Syria’s Bashar al-Assad has gassed his own people. Iraq is again engulfed in Sunni-Shiite violence. The U.S.-trained Egyptian Army has slaughtered members of the Muslim Brotherhood. It is hard to recall the heady season of 2011 when despots fell and Arabs spoke with passion of freedom and personal empowerment. The Arab security state has shown its resilience; it breeds extremism. As the political theorist Benjamin Barber has noted, “Fundamentalism is religion under siege.”A scenario of endless conflict is plausible. Yet there are glimmerings. Repressive systems have survived but mind-sets have changed. The young people of the region (the median age in Egypt, where nearly one quarter of all Arabs live, is 25) will not return to a state of submission. They have tasted what it is to bring change through protest. As in Iran, where the deep reformist current was crushed in 2009 only to resurface in 2013, these currents run deep and will reemerge.
Here in Turkey, the closest approximation to a liberal order in a Middle Eastern Muslim state exists. That is the region’s core challenge: finding a model that reconciles Islam and modernity, religion with nonsectarian statehood. So it is worth recalling that Turkey’s democracy is the fruit of 90 years of violent back-and-forth since Mustafa Kemal Ataturk founded the Republic in 1923, and imposed a Western culture.
Only over the past decade, with the arrival in power of Recep Tayyip Erdogan, has the idea taken hold that Islam is compatible with a liberal order. For many secular Turks the swing of the pendulum has been excessive. The protests at Gezi Park this summer were about Erdogan’s invasion in the name of Islam of Turks’ personal lives. This was democratic pushback from Turkey’s secular coast against the conservative Anatolian heartland.
If in Turkey it has taken 90 years for a democracy to evolve that is not anti-Islamic, then the 30 months since the Arab Spring are a mere speck in time. Moreover, as Mustafa Akyol points out in his book “Islam Without Extremes,” Turkey, unlike most other Muslim countries, was never colonized, with the result that political Islam did not take on a virulent anti-Western character. It was not a violent reaction against being the West’s lackey, as in Iran.
Now Iran, under its new president, Hassan Rouhani, is trying again to build moderation into its theocracy and repair relations with the West. Such attempts have failed in the past. But the Middle Eastern future will look very different if the U.S. Embassy in Tehran — symbol of the violent entry into the American consciousness of the Islamic radical — reopens and the Islamic Republic becomes a freer polity.
Nothing inherent to Islam makes it anti-Western. History has. The Islamic revolution was an assertion of ideological independence from the West. As power in the world shifts away from the West, this idea has run its course. Iranians are drawn to America.
The United States can have cordial relations with Iran just as it does with China, while disagreeing with it on most things.
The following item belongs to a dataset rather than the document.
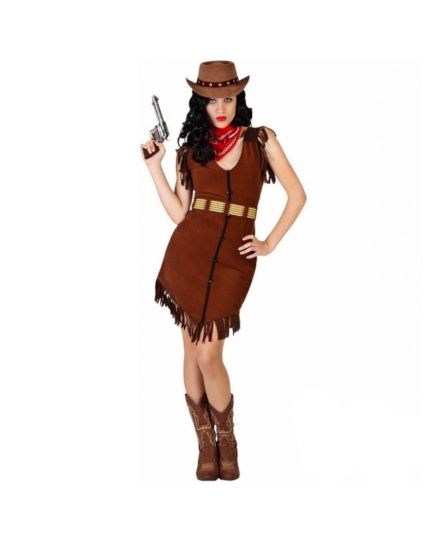 Costume Cowgirl Marrone con Frange Donna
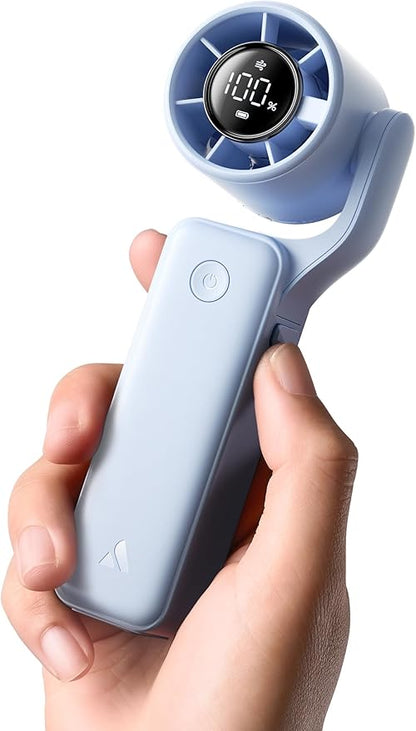 Aecooly Ultra-Pocket Portable Handheld Turbo Fan, 5 Gear Jet Force Airflow, Up to 15 Working Hours, USB Rechargeable Personal Battery Operated Mini Fan, for Travel/Outdoor/Vacation/Concerts -Blue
A breakthrough would demonstrate that the vicious circles of the Middle East can be broken.
I believe the U.S. Embassy in Tehran will reopen within five years because the current impasse has become senseless. With Iran inside the tent rather than outside, anything would be possible, even an Israeli-Palestinian peace.
If Arabs could see in Israel not a Zionist oppressor but the region’s most successful economy, a modern state built in 65 years, they would pose themselves the right questions about openness, innovation and progress. Israel, in turn, by getting out of the business of occupation and oppression, could ensure its future as a Jewish and democratic state.
There is another future for the Middle East, one glimpsed during the Arab Spring, but first it must be dragged from the insistent clutches of the past.